I was asked by 3dLacrosse to follow the eight-team Boys HS Division I at the first annual Saratoga Springs Lacrosse Shootout this past weekend. The tournament featured approximately 77 teams in 9 different divisions – not bad for a first-year event! Games were played at the Saratoga Springs Polo Grounds, where there were ten fields, concessions, parking, vendors, and a “fun zone” that I never really got a chance to see, but seemed busy and popular every time I went anywhere near it.
The SSLS was sponsored by Rhino Lacrosse, and all three Syracuse University All-American Powell brothers were in attendance.
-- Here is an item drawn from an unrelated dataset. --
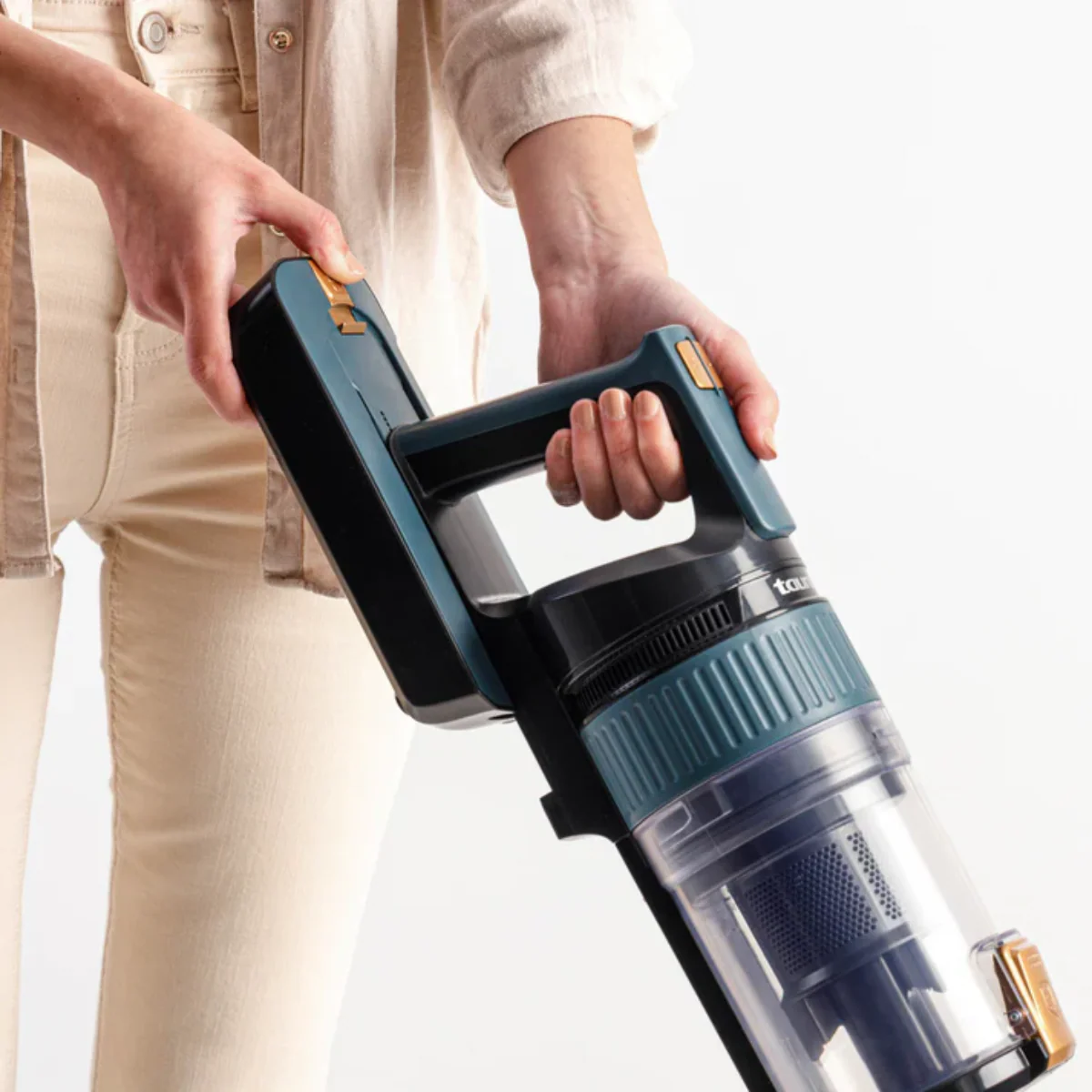 Cordless Rechargeable Plastic Vacuum Cleaner - Black - Image 7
Helping Ryan organize the entire weekend was George Leveille, who runs the Lake Placid Summit Lacrosse Tournament, and George’s organizational skills and experience were evident as I looked at the tournament booklet, schedules, pool play, and playoff formats.
Assisting Ryan and George were other Lake Placid veterans – George’s son Kevin, Gary DiNola, and Rick Nelson. With so much experience involved in the planning and execution of the tournament, the only possible outcome was success!
After I checked in to my hotel in Clifton Park Friday around 6 PM, I drove up the Northway with thousands of Phish fans – they got off at Exit 13N to go to SPAC, while I stayed on I-87 till Exit 15 to get to the polo grounds. Turns out the tournament site was just west of the Skidmore College campus, well off the beaten path, but just minutes from downtown Saratoga Springs.
Thunder rumbled as I got out of my car, as the distant sky was getting dark. I walked no more than 30 feet before I met George and Gary, and seconds later I ran into Kevin – the key people I work with at the Lake Placid Tournament. They were making the rounds, making sure everything was ready for Saturday morning’s 9 AM games. Many teams had arrived early and were scattered across the fields, going through drills or just throwing the ball around. A light rain started and unfortunately, as thunder and lightning threatened, the scheduled “Powell Hour” was postponed. I picked up a master schedule, checked the slate of Boys HS Division I games planned for Saturday, and saw that – very conveniently – seven of the eight Division I games were scheduled for the same field; all I had to do was set up my chair and watch as the teams came to me! I got back in the car and headed south. It was about 8 or 8:30, and the Northway was now deserted.
It was hot on Saturday, and I guess polo grounds don’t generally include a lot of shade options. I had bought a wide-brimmed golf hat for the occasion, and I’m glad I did. Actually, I was pretty pleased with my overall preparation – I had sunscreen, paper and pens, a bag of hard pretzels, and a cooler with Powerades and iced teas. I was ready.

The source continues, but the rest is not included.